LISTED RECORDS START
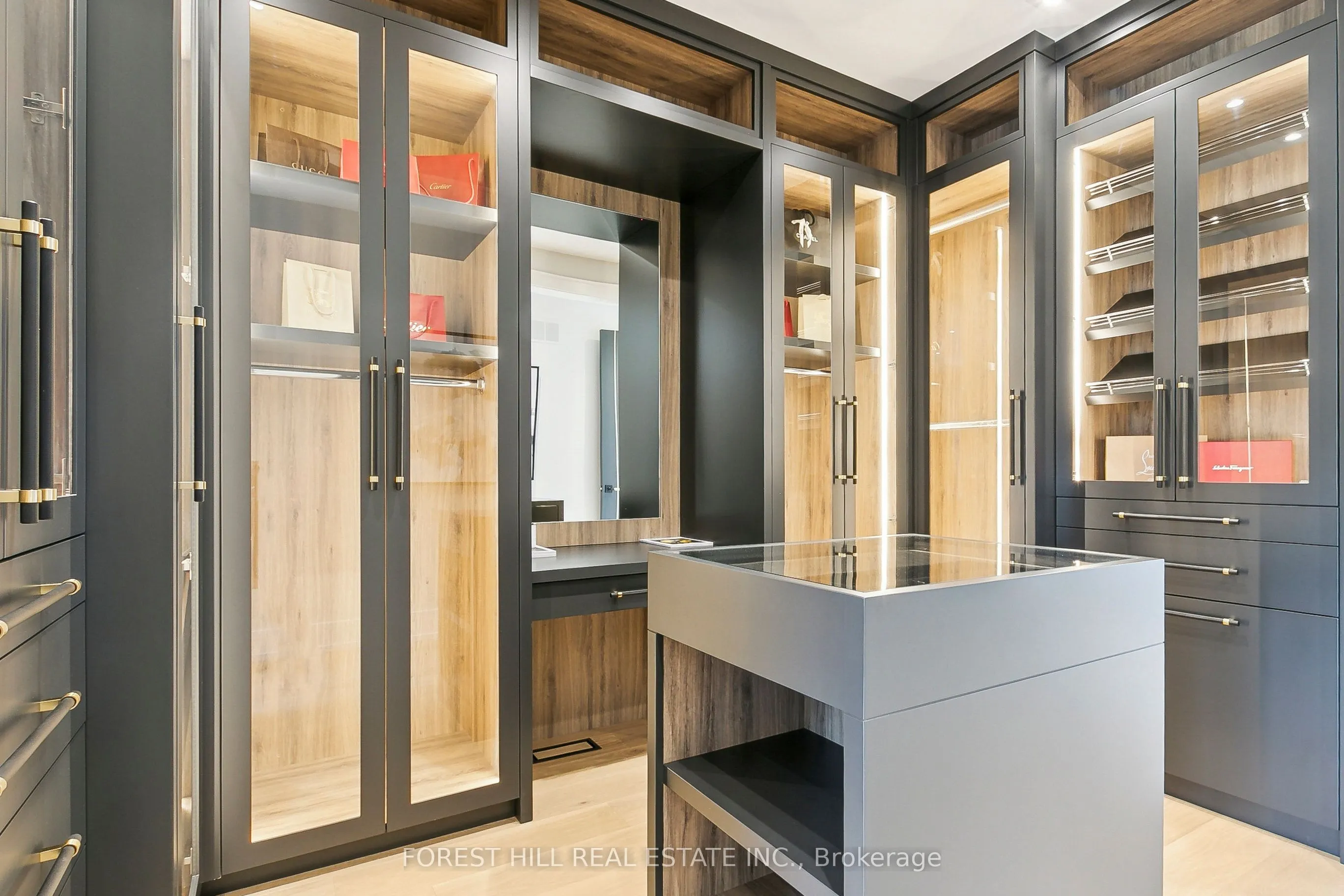 12 Otter Crescent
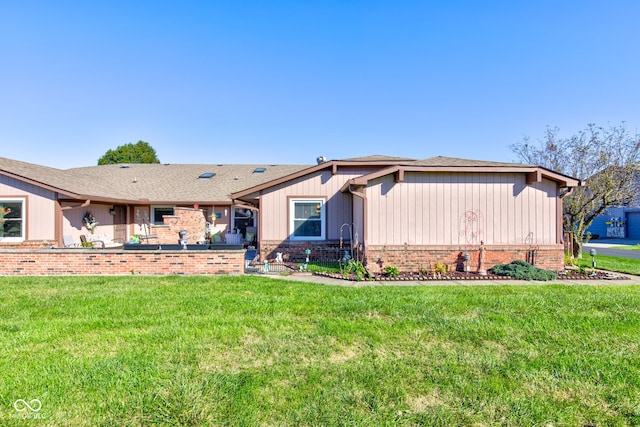 single story home featuring a front yard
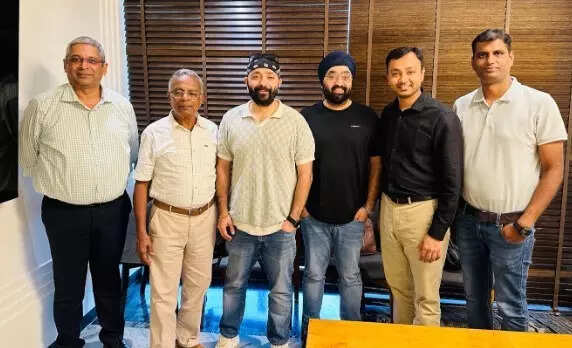 ​From L-R: Srikanth Sivaraman (SNAM Group Director), Muralidhar Dhuddu (SNAM Group), Taranjeet Singh Chhabra (Founder, Neemans), Amar Preet Singh (Founder, Neemans), Adhvith Dhuddu (Managing Partner, SNAM Solutions), Sumit Maloo (CFO, Neemans)​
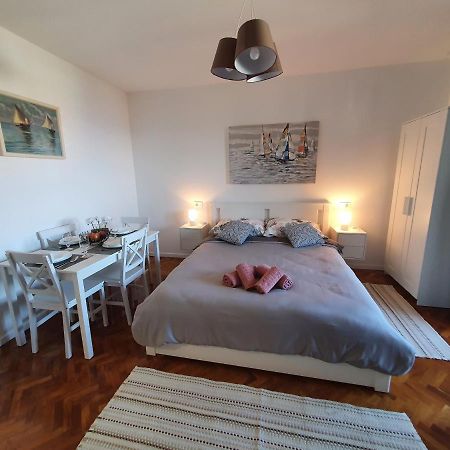 Studio Apartman Fredi Lägenhet Opatija Exteriör bild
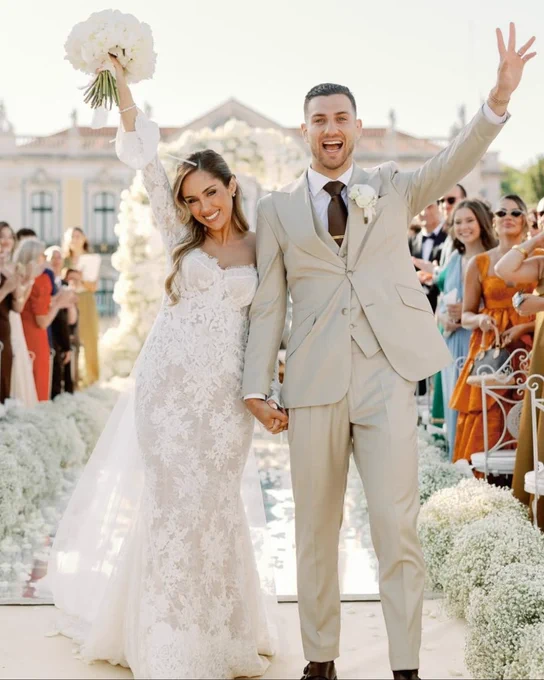Claudia Pinto Lopes and Diogo Dalot celebrate their wedding.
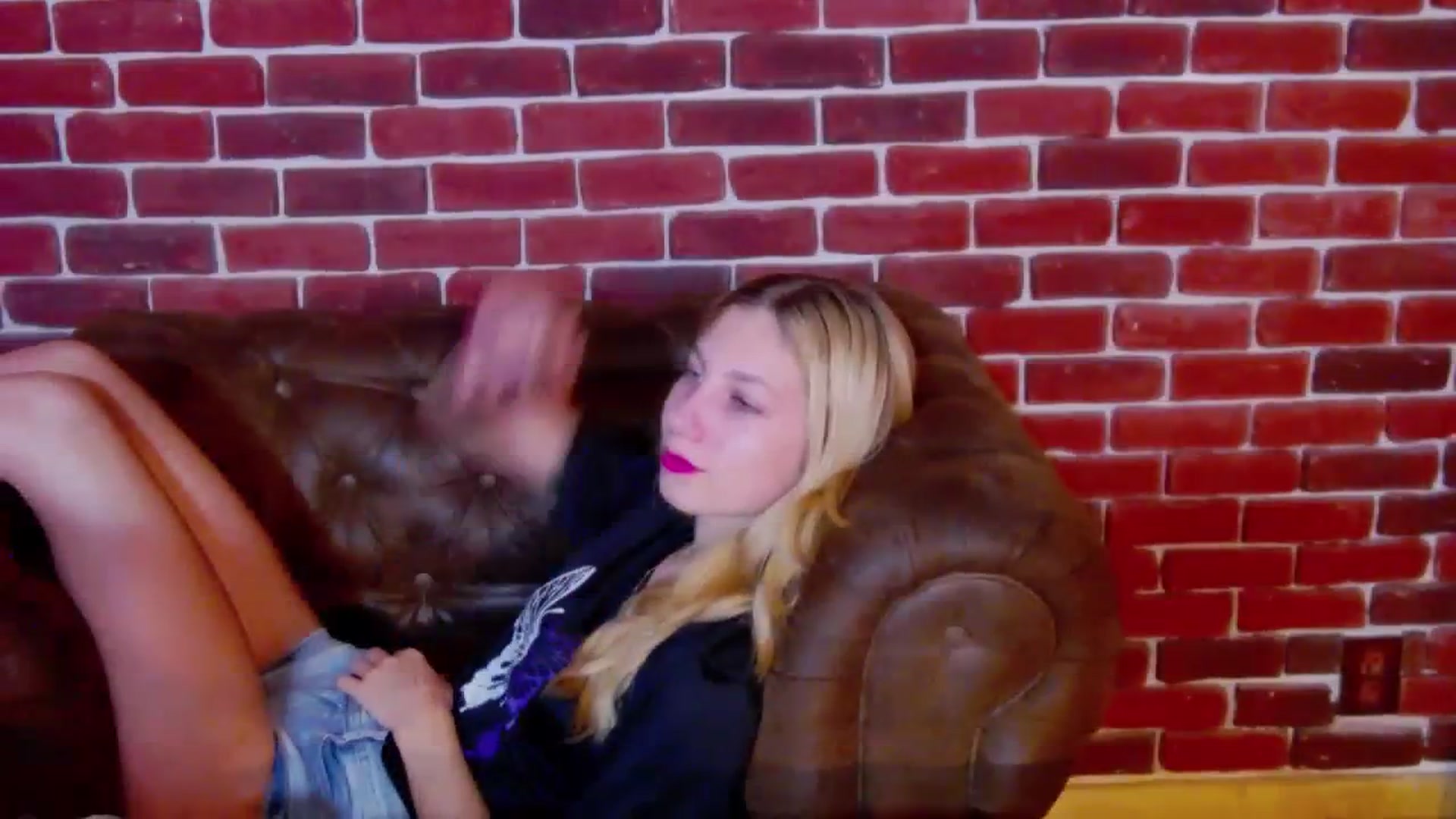 Gallery image thumbnail from Yasemina's myfreecams stream on, 12/04/2023, 19:14 image 11 of 20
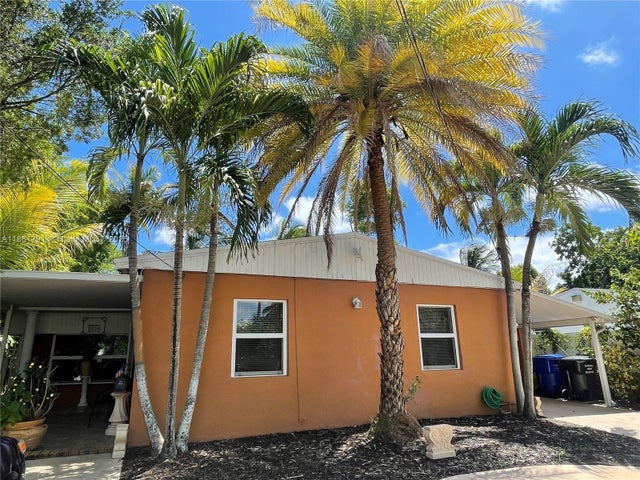2 of 59 - 2626 Thomas St, Hollywood, FL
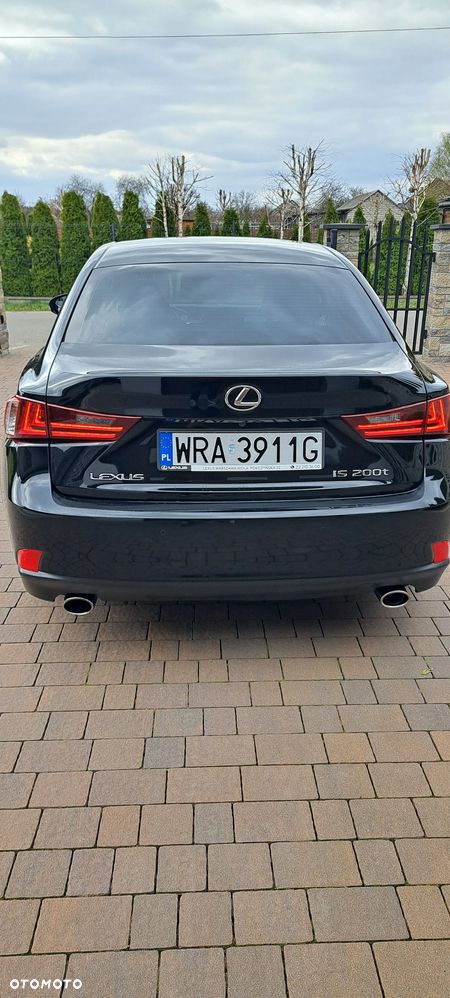 Lexus IS 200t Elegance - 16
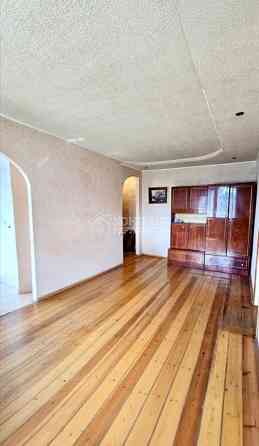 Продаж Квартира 2-кімнатна, 5/5 поверх на вул. Отакара Яроша Харків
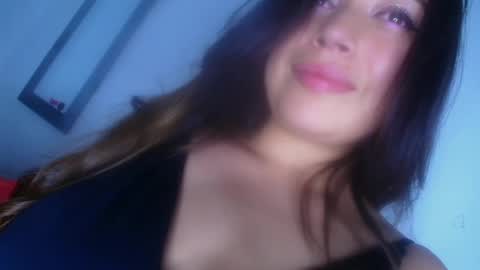 Snapshot of aleska_dollx chatting on 09-17-25, 12:23 QUEEN OFF MILk IM BACK 15 NOV online show from 09-17-25, 12:23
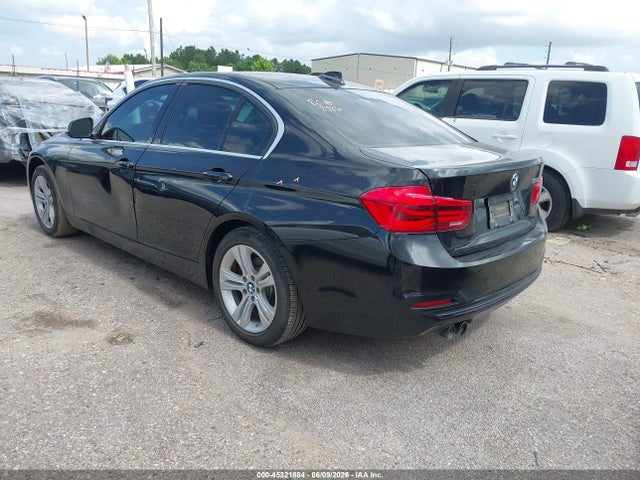 45321884 :رقم المزاد ، WBA8B9G50JNU97863 vin ، 2018 Bmw 330i مزاد بيع
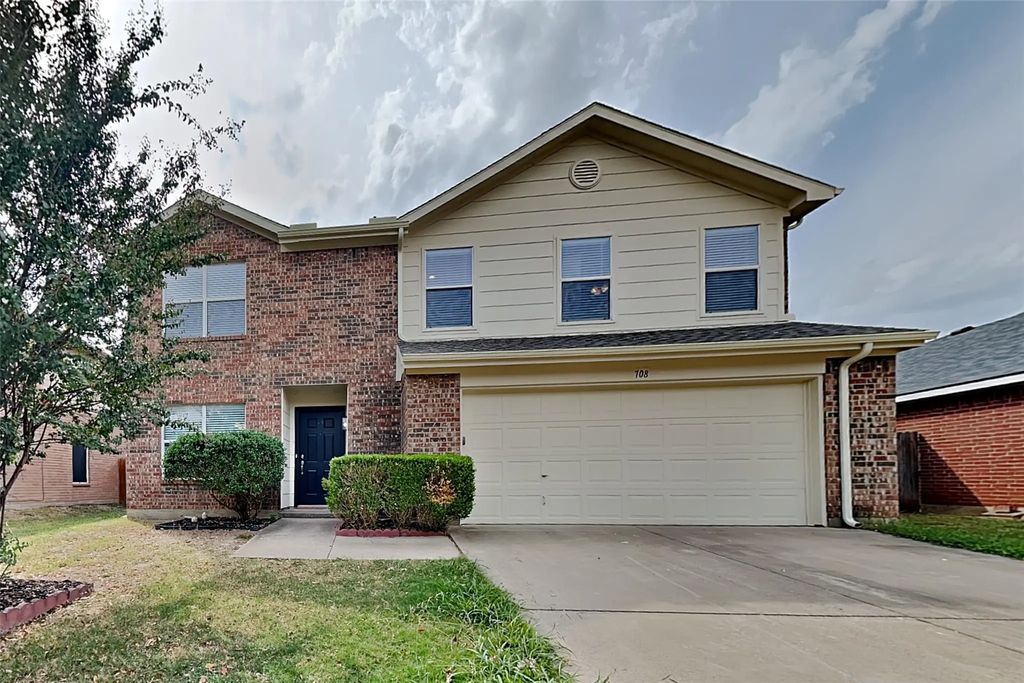 708 Eagle Drive, Saginaw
LISTED RECORDS END
• PROBLEM TO SOLVE: Give back the entire listing verbatim, without the pictures.

• ANSWER SPACE:
 12 Otter Crescent
 single story home featuring a front yard
 ​From L-R: Srikanth Sivaraman (SNAM Group Director), Muralidhar Dhuddu (SNAM Group), Taranjeet Singh Chhabra (Founder, Neemans), Amar Preet Singh (Founder, Neemans), Adhvith Dhuddu (Managing Partner, SNAM Solutions), Sumit Maloo (CFO, Neemans)​
 Studio Apartman Fredi Lägenhet Opatija Exteriör bild
Claudia Pinto Lopes and Diogo Dalot celebrate their wedding.
 Gallery image thumbnail from Yasemina's myfreecams stream on, 12/04/2023, 19:14 image 11 of 20
2 of 59 - 2626 Thomas St, Hollywood, FL
 Lexus IS 200t Elegance - 16
 Продаж Квартира 2-кімнатна, 5/5 поверх на вул. Отакара Яроша Харків
 Snapshot of aleska_dollx chatting on 09-17-25, 12:23 QUEEN OFF MILk IM BACK 15 NOV online show from 09-17-25, 12:23
 45321884 :رقم المزاد ، WBA8B9G50JNU97863 vin ، 2018 Bmw 330i مزاد بيع
 708 Eagle Drive, Saginaw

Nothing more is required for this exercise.